**Information supplied**
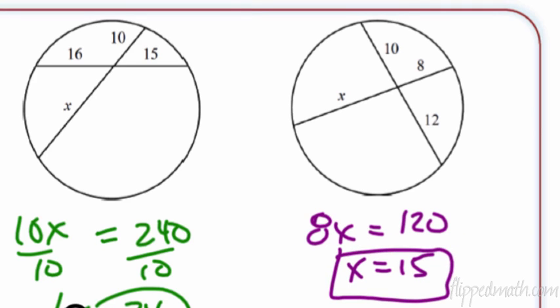That's it for circles. There's a lot of stuff — you just have to practice it so you know when to use which theorem. Remember: it's nice to be important, but it's more important to be nice.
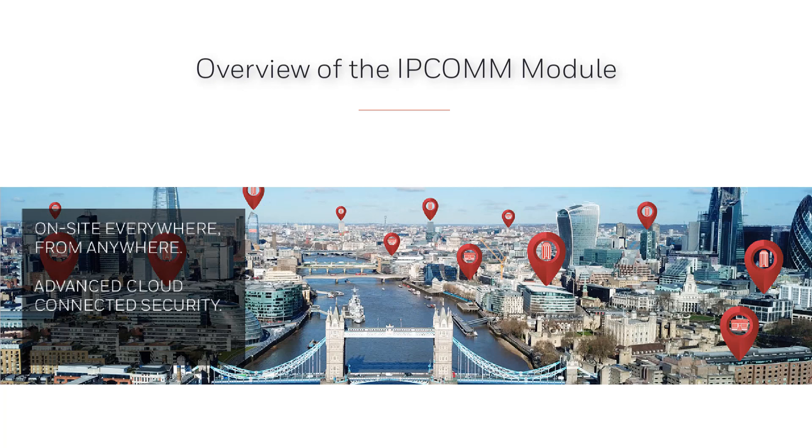Hello and welcome to the Honeywell MaxProCloud how-to video series. In this video, we're going to provide an overview of the IPCOM module, its features in MaxProCloud, and installation information.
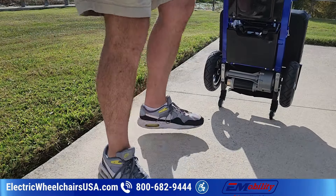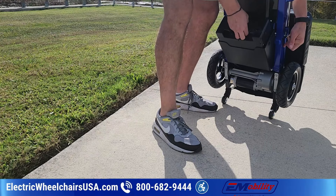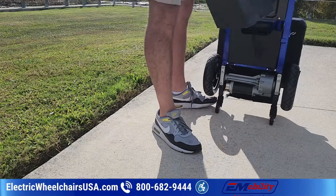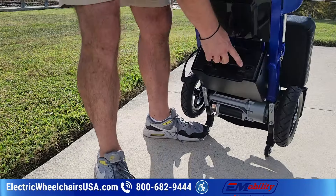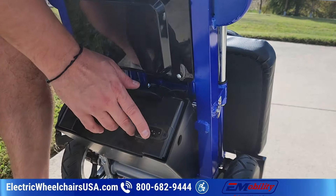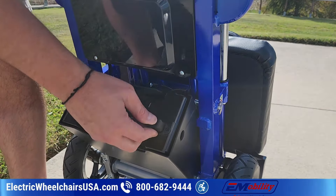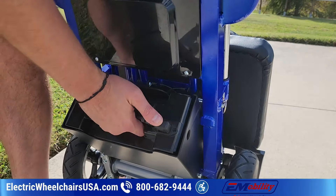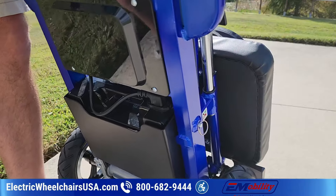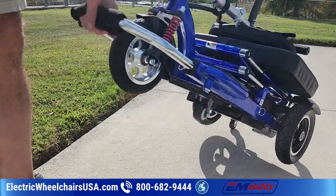At this point you can wheel it behind you or set it up flat. Pull this pin and that's how you remove the battery — it's best to remove the battery after you have it folded so you can just bring it on board with you. This is also where you charge the battery, so you charge it directly on the battery. When you're ready to turn it back on, pull the pin, fold it back up, and it locks into place. Then you can wheel it behind you like a piece of luggage in the airport.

**Work to complete**
The required output is each line above restated verbatim, with all images omitted.

**Written answer**
That's it for circles. There's a lot of stuff — you just have to practice it so you know when to use which theorem. Remember: it's nice to be important, but it's more important to be nice.
Hello and welcome to the Honeywell MaxProCloud how-to video series. In this video, we're going to provide an overview of the IPCOM module, its features in MaxProCloud, and installation information.
At this point you can wheel it behind you or set it up flat. Pull this pin and that's how you remove the battery — it's best to remove the battery after you have it folded so you can just bring it on board with you. This is also where you charge the battery, so you charge it directly on the battery. When you're ready to turn it back on, pull the pin, fold it back up, and it locks into place. Then you can wheel it behind you like a piece of luggage in the airport.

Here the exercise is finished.